Une lampe torche, une silhouette ?
Maurice, la mine chavirée, avait dodeliné de la tête pour dire non. L’Adjudant-Chef
de Gendarmerie Bourdel, indigné par l’interrogatoire inopportun, avait répondu à
la place de l’intéressé :
-
Comprenez bien, Monsieur… Maurice, depuis que sa femme est… depuis
qu’elle… a disparu… Enfin, pour des raisons personnelles… il prend,
chaque soir, des comprimés pour dormir.
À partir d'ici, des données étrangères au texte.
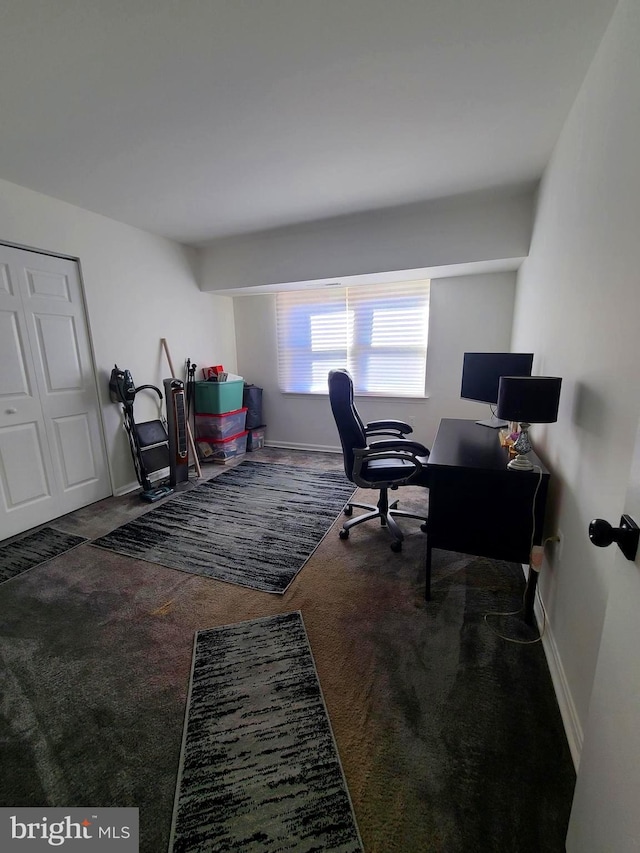 home office with dark colored carpet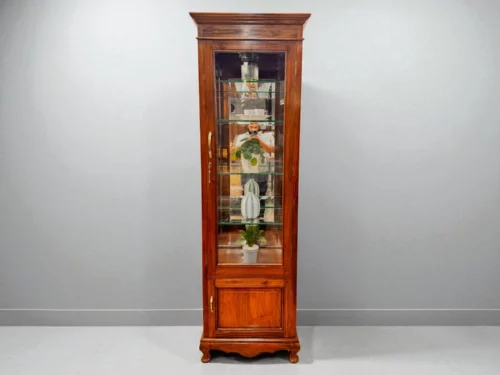 This Single Door Crockery Shelf is crafted from premium Kerala Teak wood, combining timeless elegance with practical design. The tall frame features a clear glass door and a mirrored back, creating a bright and spacious display for your finest crockery and collectibles. Inside, multiple glass shelves offer ample room for organized arrangement, while the polished teak finish adds warmth and richness to any interior. Ideal for dining rooms or living spaces, this piece is perfect for showcasing heirlooms, decor, or everyday essentials with style and sophistication.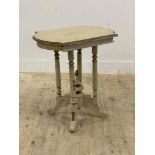 An early 20th century painted hardwood end table, the shaped top on cluster columns and four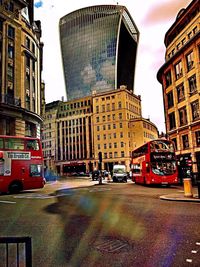 Buildings in city against sky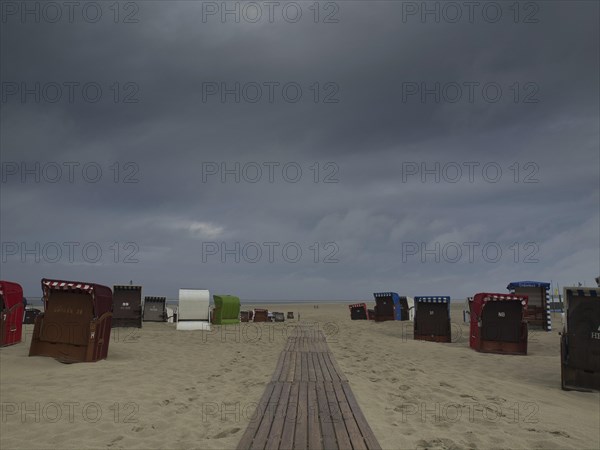 Dark clouds hanging over a beach with scattered beach chairs and a wooden jetty, beach chairs and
Il ne nous entend même pas quand
on vient faire des rondes nocturnes ! Si nous ne passons pas lui emprunter
la clé avant vingt heures, c’est fichu pour nous ! Il dort comme un loir, et
nous autres, tout comme… « l’individu », nous sommes obligés de faire le
mur pour… pénétrer !!!
Quelques rires gênés avaient fusé !
Au souvenir de sa femme, disparue en mer dans le naufrage improbable et
catastrophique d’un bateau de croisière (pour une fois que Janine avait remporté le
gros lot d’une tombola !), Maurice avait pudiquement baissé la tête, et s’était perdu
dans la contemplation de sa botte de jardin verdâtre, engluée dans la boue, enlisée
dans la terre… Un pied dans la tombe, il aurait volontiers botté le c... du journaliste
avec l’autre ! De quoi se mêlait-il, ce blanc-bec ? Sans doute se croyait-il plus malin
que les gendarmes ? Peut-être même souhaitait-il reprendre l’enquête depuis le
début ? Son air prétentieux, ses airs de conspirateur ne laissaient rien augurer de
bon ! Ce type se prenait pour un fin limier et voulait apporter la preuve de ses
compétences !
-
Messieurs, avait repris le Maire, notre Faiseur de tombes reste, pour le
moment, l’homme invisible ! Pour cette raison, et pour faire cesser ses
agissements, nous devons mettre en œuvre vigilance et solidarité !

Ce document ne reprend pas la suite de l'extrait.